C’est le désintérêt, non pour la chose commune (cet intérêt existe), mais la capacité à intégrer le bonheur commun dans la joie des individus qui est en cause. Tout se passe comme si les enjeux communs et les enjeux individuels étaient totalement déconnectés. Un philosophe, Jacques Maritain, avait écrit un très beau petit livre qui mériterait d’être relu : « La personne et le bien commun ». Comme les individus, aujourd’hui, n’ont plus de sentiment d’appartenance à quoi que ce soit (à part la famille), la capacité à vivre en société est évidemment très diminuée. Qui, aujourd’hui, dit : « je suis membre de.. ». Peu de gens. Quand le sentiment d’appartenance est devenu aussi faible, alors la désagrégation de la société est très engagée et ça n’est pas un Etat hypertrophié qui pourra y remédier. Il est au contraire une partie importante du problème. Pour ressentir à nouveau des joies collectives et des ambitions nationales, avec tout ce qu’elles apportent, il va falloir réapprendre à faire des sacrifices au bien commun. J’observe que dans la société française d’aujourd’hui je ne vois que l’armée française où la dialectique du bien particulier et du bien commun joue de façon satisfaisante. Quant à l’actuel gouvernement, très honnêtement, il n’est pour rien, selon moi, dans les désillusions actuelles.

La minorité qui croit dans les effets bénéfiques ou qui se déclare plus optimiste du fait de la victoire des Bleus est principalement à trouver dans les rangs des sympathisants de LREM. S'agit-il selon vous du marque de fidélité calculée ou d'un réel aveuglement d'une certaine France quant au sentiment de désunion partagé par la majorité des Français ?
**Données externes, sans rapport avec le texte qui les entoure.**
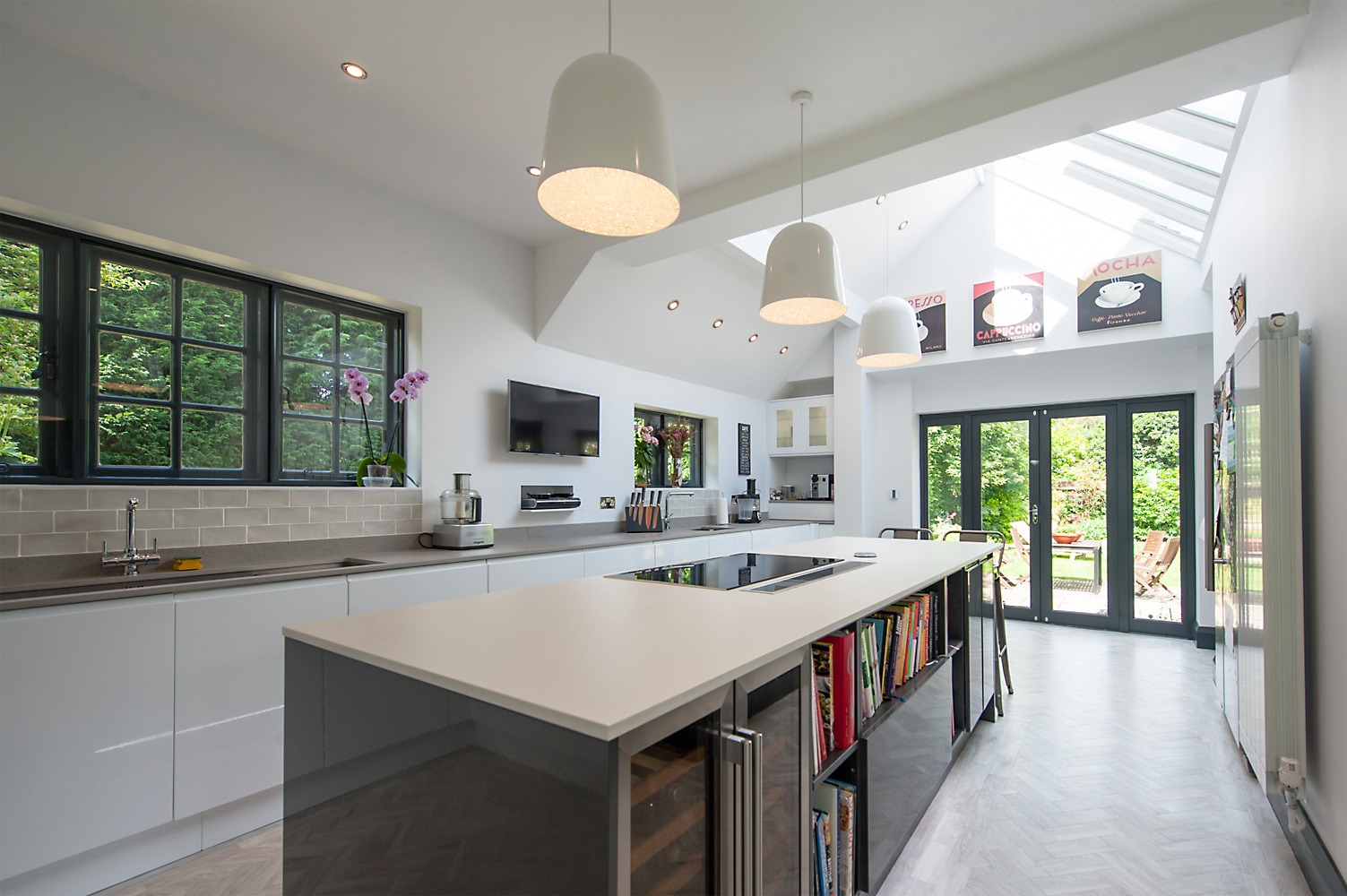 5 bed property painting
Je crois que l’électorat progressiste qui compose LREM présente les particularités de tout électorat progressiste. D’abord, juger le présent, non d’après les faits, mais en fonction d’un futur rêvé ou idéalisé. C’est le côté « millénariste » des progressistes. Ensuite, le progressiste se refuse à voir, et même à concevoir le mal : si des individus font mal, causent du mal, ça n’est pas la nature humaine qui est en cause, mais la société qui a mal joué son rôle. Il suffit donc de modifier le fonctionnement de la société pour que tout aille mieux. Le péché originel n’existe pas dans l’univers progressiste. La conjugaison de ces deux éléments : foi millénariste et bonté naturelle de l’homme, fait que les progressistes sont victimes d’un optimiste béat qui les coupe de la réalité. L’électorat LREM préfère vivre avec ses fantasmes qu’avec la réalité. Mais il sera un jour rattrapé par la réalité.